Sometimes a manufacturer’s core competencies do not include designing critical parts or subsystems. Tapping into the expertise of the supplier seems to make sense, but providing design and development advice is a bit beyond the scope of traditional customer service. In such cases, an outsourcing partner may be needed, but for how long and at what level? There is a concept that is somewhere between relying on supplier expertise and hiring an outsourcer. “Bringing an expert onboard for a short, focused endeavor is often the most expeditious approach to getting the work done and staying on schedule,” says Ray Derler, director of Single Iteration, a business unit of Watlow Electric (St. Louis).

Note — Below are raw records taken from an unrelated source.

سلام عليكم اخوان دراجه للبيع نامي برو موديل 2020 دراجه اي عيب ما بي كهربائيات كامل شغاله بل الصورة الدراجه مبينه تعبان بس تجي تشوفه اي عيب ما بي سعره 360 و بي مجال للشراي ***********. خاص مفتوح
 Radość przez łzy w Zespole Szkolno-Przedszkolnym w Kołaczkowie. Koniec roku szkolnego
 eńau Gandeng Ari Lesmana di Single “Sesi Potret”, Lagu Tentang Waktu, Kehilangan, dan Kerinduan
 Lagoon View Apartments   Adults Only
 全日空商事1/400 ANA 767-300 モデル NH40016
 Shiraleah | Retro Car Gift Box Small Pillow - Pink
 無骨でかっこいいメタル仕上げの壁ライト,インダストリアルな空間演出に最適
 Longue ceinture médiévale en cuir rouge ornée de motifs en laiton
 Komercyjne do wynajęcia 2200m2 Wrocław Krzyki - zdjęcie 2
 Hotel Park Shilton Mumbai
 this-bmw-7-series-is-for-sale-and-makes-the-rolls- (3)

With the trend in outsourcing moving full-steam ahead, many suppliers now have entire divisions dedicated to providing these services to their OEM clients. Program managers are commonly assigned to each project. They assemble a right-sized team whose skills match the task at hand. For example, at Single Iteration, such a team could be made up of people from either its dedicated staff or from technology experts within the various Watlow product centers, explains Derler.

“Even with skilled technical staff, companies may need to flex their workforce depending upon the work load,” says Derler. “They can either choose to hire and deal with the transitional issues of getting an employee acclimated, or they can off-load some of the work to an outside specialty service provider.”

Derler explains that off-loading such work is the ultimate mechanism for companies to accommodate changing work flows without adding permanent staff. “This is tantamount to, ‘Get an expert when you need one, send them home when you don’t,’” he says.

When medical device companies look at this type of outsourcing, they should consider exactly what they want to achieve. Derler says that in the case of Watlow’s Single Iteration division, device companies often use such services because they are seeking an unbiased third party to provide innovative approaches to thermal system challenges.

In addition, companies can establish the efficacy of an idea through the use of the consulting group’s computational engineering tools. The outsourcing arm of Watlow maintains an extensive infrastructure of mathematical tools such as finite-element analysis and computational fluid dynamics. Clients can access these tools—and people skilled in using them—to see whether an idea can be simulated on the computer before any expensive prototyping effort is done.

Such services definitely stretch beyond traditional customer service functions. For a component manufacturer, says Derler, traditional customer service is typically associated with minor modifications to an existing product configuration. When the supplier acts as consultant, the service helps a company assess a project, identify objectives, and achieve its goals.